Large-Scale Producers (LSM) delivered 887.2973 kg in February 2026, showing a modest recovery after January’s holiday-related slowdown.

Month-on-Month: A 9.8% increase from 808.4080 kg in January 2026
Year-on-Year: A 7.2% decline from 955.7935 kg delivered in February 2025

The large-scale sector continues to face structural headwinds. While the month-on-month improvement signals a return to normal operations following December’s holiday shutdowns and January’s ramp-up period, the persistent year-on-year decline reflects ongoing challenges, including power shortages, equipment breakdowns, and capital expenditure constraints that have kept LSM output below its historical potential.

The February 2026 figures validate the analytical framework presented in Mining Zimbabwe’s “Don’t Panic, It’s a January Trend” feature.

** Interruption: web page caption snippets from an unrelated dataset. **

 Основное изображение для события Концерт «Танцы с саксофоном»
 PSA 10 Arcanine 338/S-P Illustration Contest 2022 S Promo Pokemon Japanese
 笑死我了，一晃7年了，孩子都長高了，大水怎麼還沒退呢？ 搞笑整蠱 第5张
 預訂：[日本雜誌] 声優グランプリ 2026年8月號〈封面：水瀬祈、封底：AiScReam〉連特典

Following January’s 38.4% month-on-month decline from December 2025’s record performance, the sector has rebounded exactly as historical patterns predict.

January 2026 Recap:

Total deliveries: 3,044.9708 kg (down 38.4% from December 2025, down 3.9% year-on-year)
ASM deliveries: 2,236.5628 kg (down 42.4% month-on-month, down 1.3% year-on-year)
LSM deliveries: 808.4080 kg (down 23.7% month-on-month, down 10.5% year-on-year)

The February recovery demonstrates that January’s slowdown was precisely what analysts described: a natural production reset following December’s exceptional output, amplified by heavier-than-usual rainfall that constrained ASM operations.

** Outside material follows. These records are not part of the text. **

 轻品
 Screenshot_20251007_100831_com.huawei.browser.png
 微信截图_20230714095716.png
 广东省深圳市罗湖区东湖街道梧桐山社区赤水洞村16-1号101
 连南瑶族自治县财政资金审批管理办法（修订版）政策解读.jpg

The sector’s underlying strength is evident in the year-on-year comparisons. Despite starting the year with a marginal decline, February’s 31.5% overall increase and ASM’s 54% surge confirm that the production gains achieved throughout 2025 have been sustained into 2026.

New Framework Takes Effect Post-February

It is important to note that Fidelity Gold Refinery’s recently announced 90:10 forex payment structure for small-scale miners, implemented following a Reserve Bank of Zimbabwe directive, came into effect after the February delivery period. The February figures, therefore, reflect deliveries made under the previous 100% foreign currency retention framework.

The policy shift, announced in late February 2026, requires small-scale miners to surrender 10% of their export earnings to the central bank in local currency (ZiG), while retaining 90% in foreign currency. This marks a change from the previous arrangement where small-scale miners were exempt from surrender requirements and retained 100% of their proceeds in USD.

RBZ Governor John Mushayavanhu explained that the new framework aims to ensure fairness across the gold sector and eliminate regulatory arbitrage, noting that authorities had observed a “worrying trend” where large-scale producers were channelling gold through small-scale miners to access the 100% USD payment and ASM-specific tax rebates.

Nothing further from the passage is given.